# Anticoagulant related nephropathy

> **NIH NIH R01** · OHIO STATE UNIVERSITY · 2020 · $349,200

## Abstract

Project Summary
 Anticoagulant related nephropathy (ARN) is a novel clinical entity that we have identified. ARN is an
umbrella term to describe a form of acute kidney injury (AKI) that is associated with excessive anticoagulation
in patients receiving warfarin and other anticoagulants. We have described the clinical characteristics of ARN
in patients using warfarin and have shown that patients with pre-existing chronic kidney disease (CKD) are
especially vulnerable to ARN. Furthermore, we and others have shown that ARN also occurs with direct oral
anticoagulants, such as dabigatran and apixaban.
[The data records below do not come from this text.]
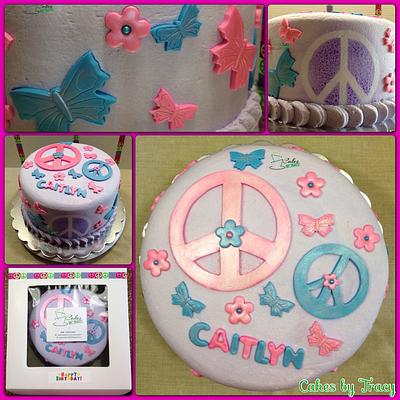 Peace & Butterfly Cake - Cake by Tracy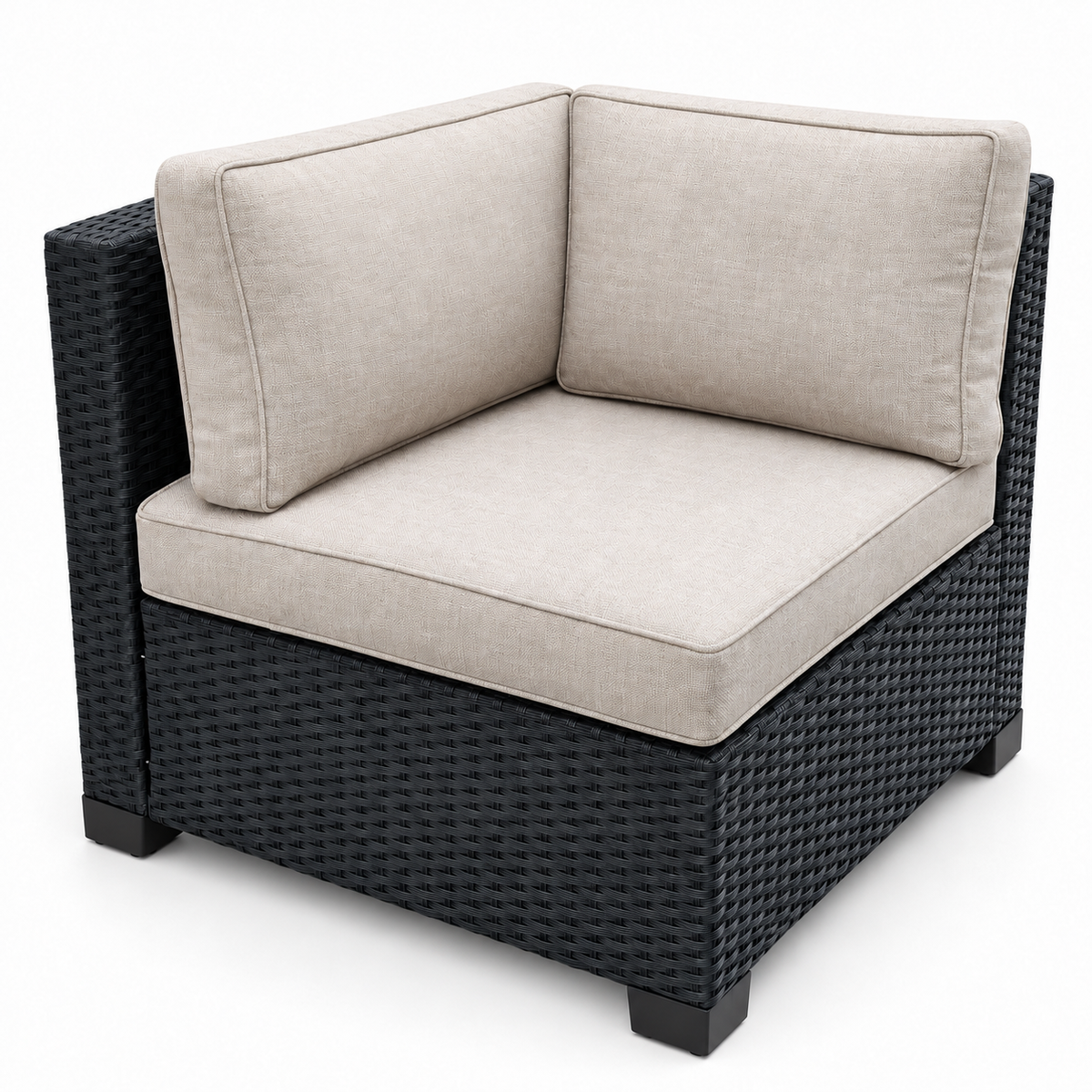 Essential Black Wicker Sofa with light beige cushions | Jr's Patio San Diego
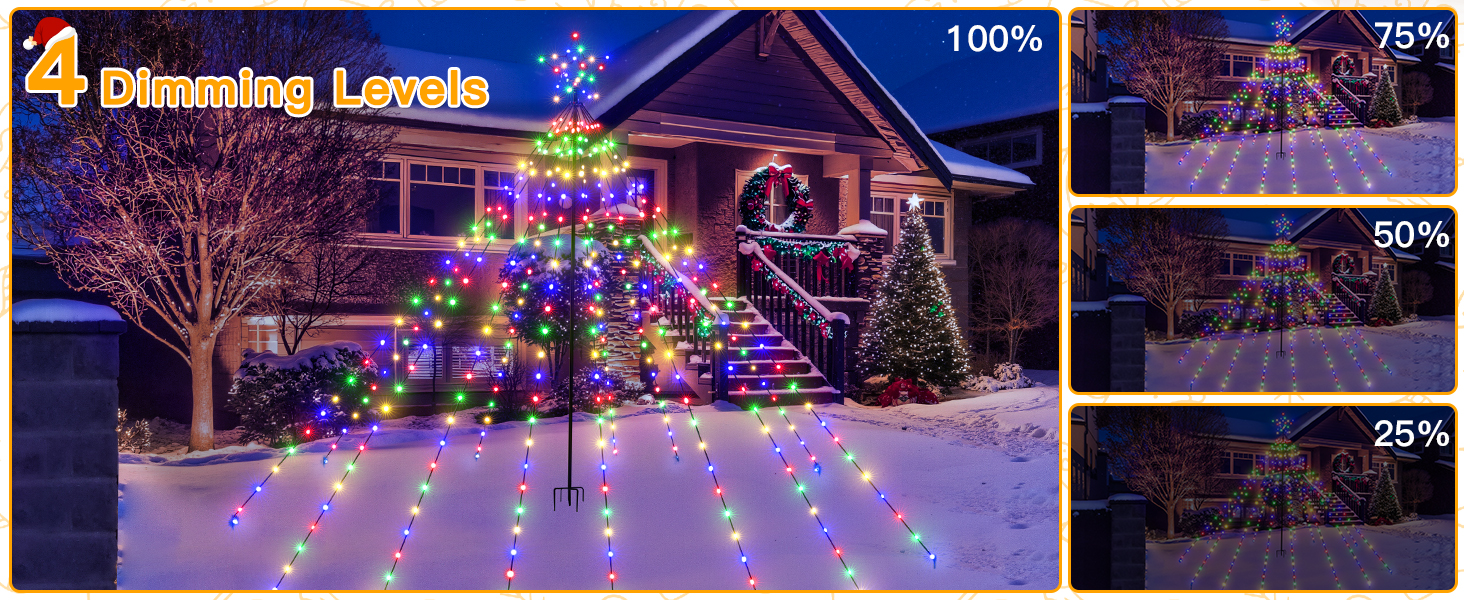 Text reads '40 Dimming Levels' with percentage indicators '100%', '75%', '50%', '25%'. Exterior holiday light displays showing different brightness settings.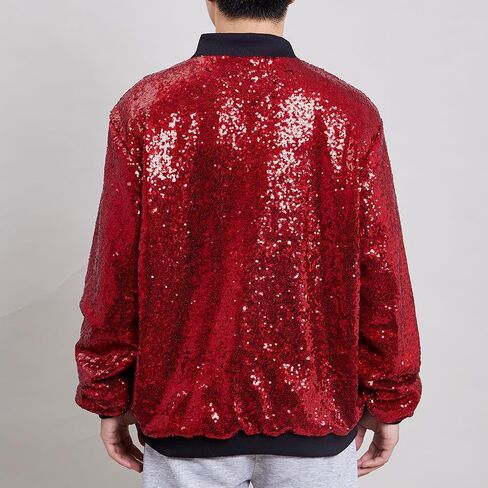 YIYI Sequin Mens Jacket Bomber Sparkly Varsity Glitter Jacket Lightweight Party Outwear Coat Birthday Holiday Clothes in Saudi Arabia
Because the use of anticoagulants is common in patients
with CKD and it is difficult to control anticoagulation in patients with impaired renal function, thus a large
number of patients are at risk for ARN. The postulated mechanism of this AKI, based on kidney biopsies
from patients and modeling the disease in rats with CKD, is that the coagulopathy, induced by
supratherapeutic anticoagulation, results in glomerular filtration barrier (GFB) injury, glomerular hemorrhage
with subsequent tubular epithelial cell injury and AKI. We propose that the pathogenesis of ARN is dependent
on glomerular hemorrhage, which is multifactorial in origin and includes multiple “hits” to the GFB. A “first hit”
(e.g. glomerular hyperfiltration/hyperperfusion, mild immune complex deposition, etc.) makes the GFB more
vulnerable to supratherapeutic anticoagulation (“second hit”). We hypothesize that the main mechanism of the
anticoagulant-induced GBF injury is related to decreased thrombin activity and is mediated via the loss of
(patho)physiologically-required thrombin-mediated protease-activated receptor-1 (PAR-1) signaling in the
glomerular endothelial cells. Indeed, all classes of oral anticoagulants currently used in the clinical practice
reduce physiologic thrombin activity. We have demonstrated that 5/6 nephrectomy is a suitable animal model
to study ARN. Using this model, we will determine the role of diminished thrombin activity and PAR-1 signaling
in the pathogenesis of GFB injury. Because complete thrombin deficiency is embryonically lethal, we will test
the role of diminished thrombin activity by using 5/6 nephrectomy in thrombin knockdown mice. Next, we will
examine the role of glomerular hyperfiltration/hyperperfusion in the pathogenesis of ARN. We will use
pharmacologic manipulations of glomerular filtration in 5/6 nephrectomy thrombin knockdown mice and test
whether changes in glomerular filtration accelerate or mitigate ARN. Finally, the role of oxidative stress in the
pathogenesis of tubular injury in ARN will be studied by pharmacologic interventions in 5/6 nephrectomy rats.
At the conclusion of these Specific Aims we expect to understand the molecular mechanisms of ARN and
whether ARN can be prevented or the severity of AKI diminished. In summary, this project will provide
information critical to the appropriate design of clinical trials to mitigate ARN, whic...

## Key facts

- **NIH application ID:** 9856453
- **Project number:** 5R01DK117102-02
- **Recipient organization:** OHIO STATE UNIVERSITY
- **Principal Investigator:** SERGEY BRODSKY
- **Activity code:** R01 (R01, R21, SBIR, etc.)
- **Funding institute:** NIH
- **Fiscal year:** 2020
- **Award amount:** $349,200
- **Award type:** 5
- **Project period:** 2019-02-01 → 2023-11-30

## Primary source

NIH RePORTER: https://reporter.nih.gov/project-details/9856453

## Citation

> US National Institutes of Health, RePORTER application 9856453, Anticoagulant related nephropathy (5R01DK117102-02). Retrieved via AI Analytics 2026-05-22 from https://api.ai-analytics.org/grant/nih/9856453. Licensed CC0.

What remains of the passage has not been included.